Following the plea to resist Satan is the encouragement to draw closer to
God. “Draw near to God, and he will draw near to you. Cleanse your hands, you
sinners, and purify your hearts, you double-minded.” (James 4:8). Satan does not
want you to draw closer to God and grow more intimate with your Creator, because
the closer you get to God the better you will know Him. The better you know Him
the more like Him you will become. James says that to draw closer in relationship to
God, we should cleanse our hands. This represents the outward man and how we
live our daily lives. James also tells us to purify our hearts. The heart is the ‘inward
man’, which controls the ‘outward man.’
Sometimes lost in the midst of a disagreement is the understanding that it is
acceptable to be sorrowful for the conflict. “Be wretched and mourn and weep. Let
your laughter be turned to mourning and your joy to gloom” (James 4:9). Often we
get so caught up in being right, that we leave the other person wounded and hurting.

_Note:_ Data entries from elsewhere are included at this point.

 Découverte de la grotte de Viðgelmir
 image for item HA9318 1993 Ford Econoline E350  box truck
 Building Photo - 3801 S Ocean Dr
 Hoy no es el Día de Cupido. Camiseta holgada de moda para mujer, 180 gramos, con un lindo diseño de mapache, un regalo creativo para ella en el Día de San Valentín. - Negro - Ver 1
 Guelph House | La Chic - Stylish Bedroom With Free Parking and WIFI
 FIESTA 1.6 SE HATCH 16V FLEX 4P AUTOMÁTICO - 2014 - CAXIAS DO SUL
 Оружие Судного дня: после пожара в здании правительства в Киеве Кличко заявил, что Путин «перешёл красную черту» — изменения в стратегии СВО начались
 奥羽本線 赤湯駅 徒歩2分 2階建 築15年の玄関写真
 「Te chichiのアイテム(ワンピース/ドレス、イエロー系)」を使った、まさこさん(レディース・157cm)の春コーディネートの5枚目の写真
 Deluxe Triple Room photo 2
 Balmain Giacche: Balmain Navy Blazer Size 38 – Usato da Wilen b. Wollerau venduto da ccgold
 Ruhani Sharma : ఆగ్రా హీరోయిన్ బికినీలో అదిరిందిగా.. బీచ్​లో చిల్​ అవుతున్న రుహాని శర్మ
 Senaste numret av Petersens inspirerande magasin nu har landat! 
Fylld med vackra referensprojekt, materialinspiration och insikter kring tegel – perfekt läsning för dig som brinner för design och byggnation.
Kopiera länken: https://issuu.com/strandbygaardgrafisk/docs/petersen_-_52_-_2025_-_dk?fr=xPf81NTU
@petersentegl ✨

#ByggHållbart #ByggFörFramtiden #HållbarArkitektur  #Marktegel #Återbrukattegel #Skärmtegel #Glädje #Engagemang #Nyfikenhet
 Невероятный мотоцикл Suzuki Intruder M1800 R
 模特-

In verse 2, James says you want something and you kill to get it. You have such a
strong desire to have something that you are willing to destroy others in order to
obtain it. It is good to spend some time crying, mourning, and repenting over the
hurt and pain that was caused by your self-centeredness.
Another key step to conflict resolution is not being critical or judgmental
of others. James says, “Do not speak evil against one another, brothers. The one who
speaks against a brother or judges his brother, speaks evil against the law and
judges the law. But if you judge the law, you are not a doer of the law but a judge”
(James 4:11). Only He who made the law can rightly judge among us. We often do
not know all of the facts, and thus lose our right to be critical or judgmental of
Finally, if we want to resolve conflicts in our lives and get along with other
people, we need to learn to ask forgiveness from God and from those you hurt. If
you want to change, the way to begin that journey is to humble yourself and go ask
for forgiveness. God gives grace to the humble and He will lift you up (4:10). The
way to honor is humility. Paul puts it this way- “Do nothing from selfish ambition or
conceit, but in humility count others more significant than yourselves. 4 Let each of
you look not only to his own interests, but also to the interests of others. 5 Have this
mind among yourselves, which is yours in Christ Jesus” (Philippians 2:3-5). By putting
aside our own selfish ambition and conceit, we are pushing pride aside and getting
to the heart of both resolving conflict and becoming more like Christ.
If we handle conflict God’s way; peace, sanctification and the preserving of
reputations will be the result. If we handle conflict our way, we can expect chaos,
warfare and divisions. By humbling yourself and counting others more significant
than yourself, the cure for conflict is within your grasp.